Revolution

Livingstone Fagan

Livingstone Fagan is one of the surviving Branch Davidians. In June 1994, during the trial of him and his fellow Davidians, he gave the following testimony.

The testimony was posted to LiberNet February 18, 1995, by Carol Moore, who said "Below are statements eight Branch Davidians made June 16 and 17, 1994 just before federal Judge Walter J. Smith sentenced them to a total of 240 years on aiding and abetting voluntary manslaughter and/or weapons charges ... These statements, taken from the trial transcript, have been edited somewhat for clarity and brevity."


Judge, I noticed in your initial address regarding the Sentencing Guidelines you gave some examples as to why the Court has to sentence the way it has to sentence, and also why the Court has to sentence at all. In those examples, you used people who had acknowledged their guilt. Also, in the arguments presented here by the defense counsel and the prosecution with respect to sentencing, they may have left the impression that we are in some way implying that we were guilty.

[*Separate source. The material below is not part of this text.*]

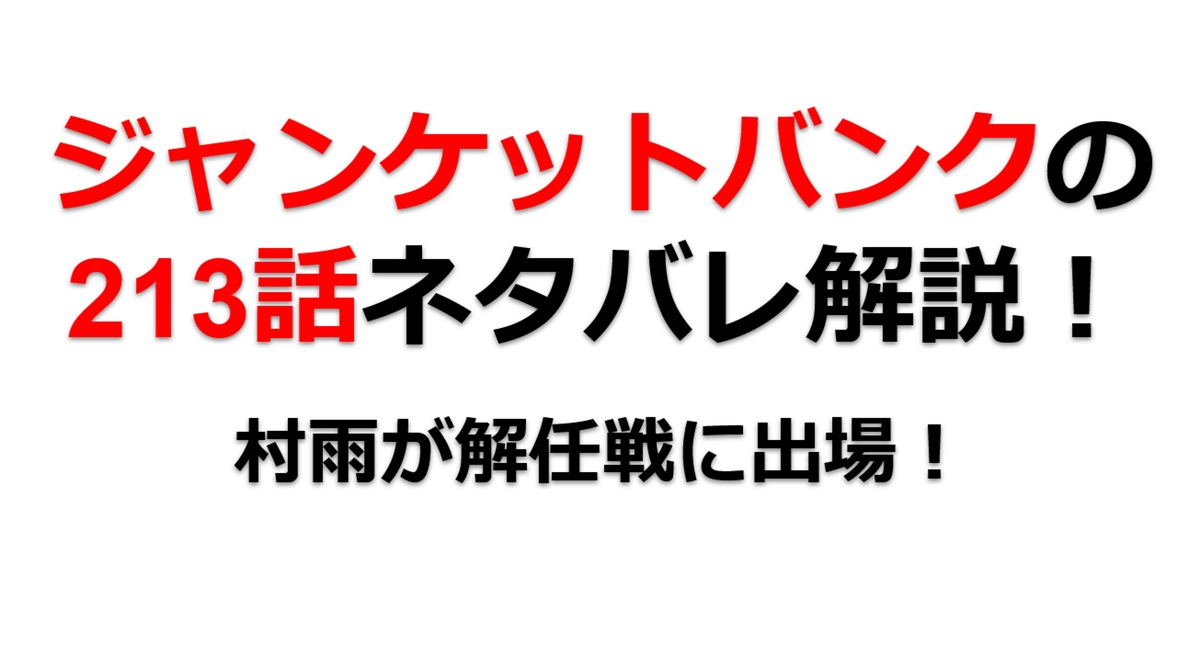 ジャンケットバンクの213話のネタバレ最新話！村雨が解任戦に出場決定！！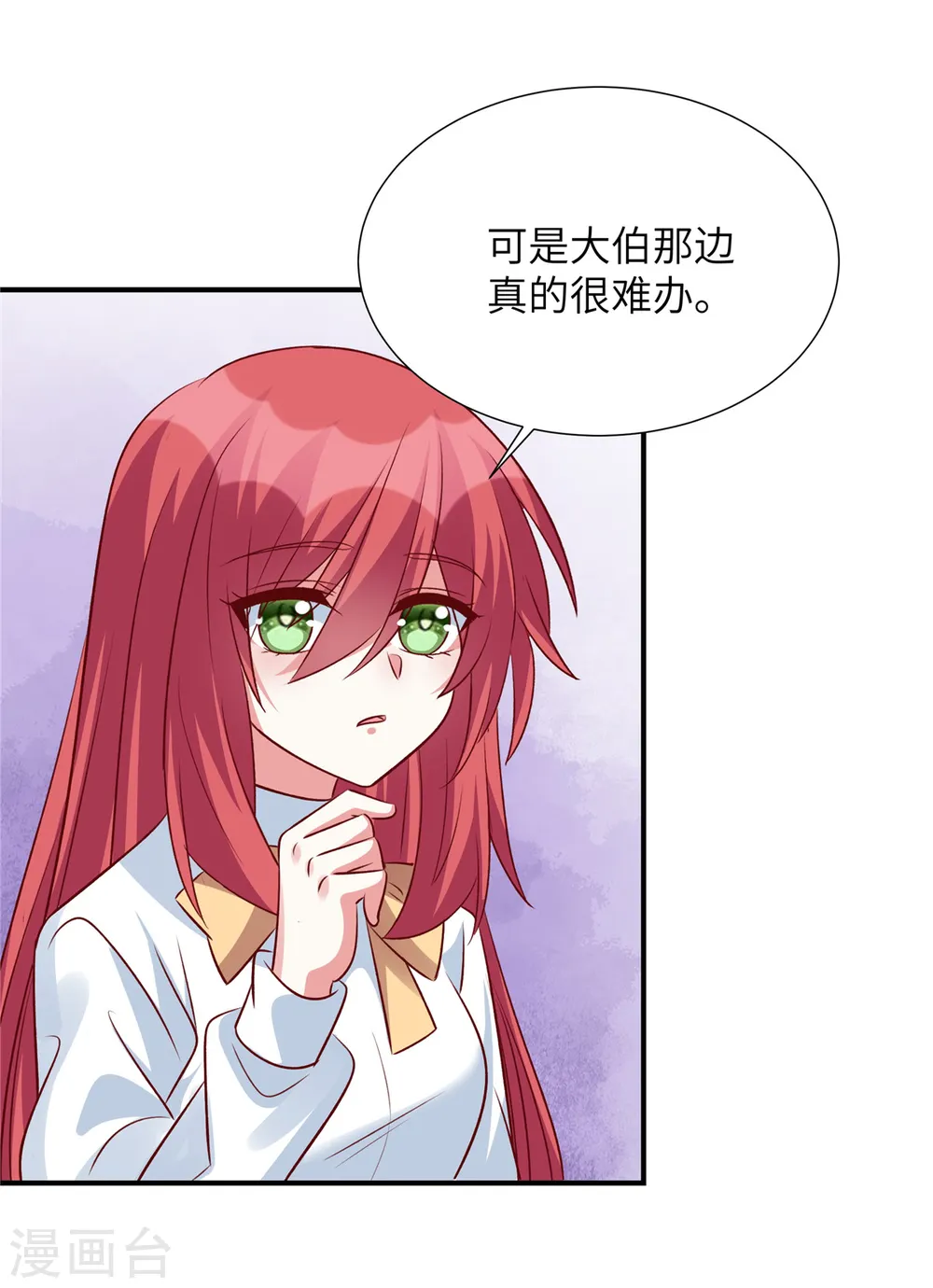 第129话 露出真面目15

I would like to point out that there is no doubt in our minds that we are innocent. I think that all the Defendants share that position.

As a matter of fact, we would like it to be reflected on the record that the charge to which we are actually brought here today, for which the jury returned the verdict of guilty, that of [aiding and abetting] voluntary manslaughter, was not, in fact, included on the original indictment. Furthermore, it was added after the defense had rested its case, and, for most of us, it was without consultation. And we certainly do not accept it.

Let me also state for myself personally, never, at any point, have I sought to distance myself from David Koresh, his teachings, or from the actions of the residents of Mount Carmel during February 28th through April 19th. There is no doubt in my mind that the actions that we were forced to take were justified, given the circumstances that we were placed in by the actions of the agents of the Government.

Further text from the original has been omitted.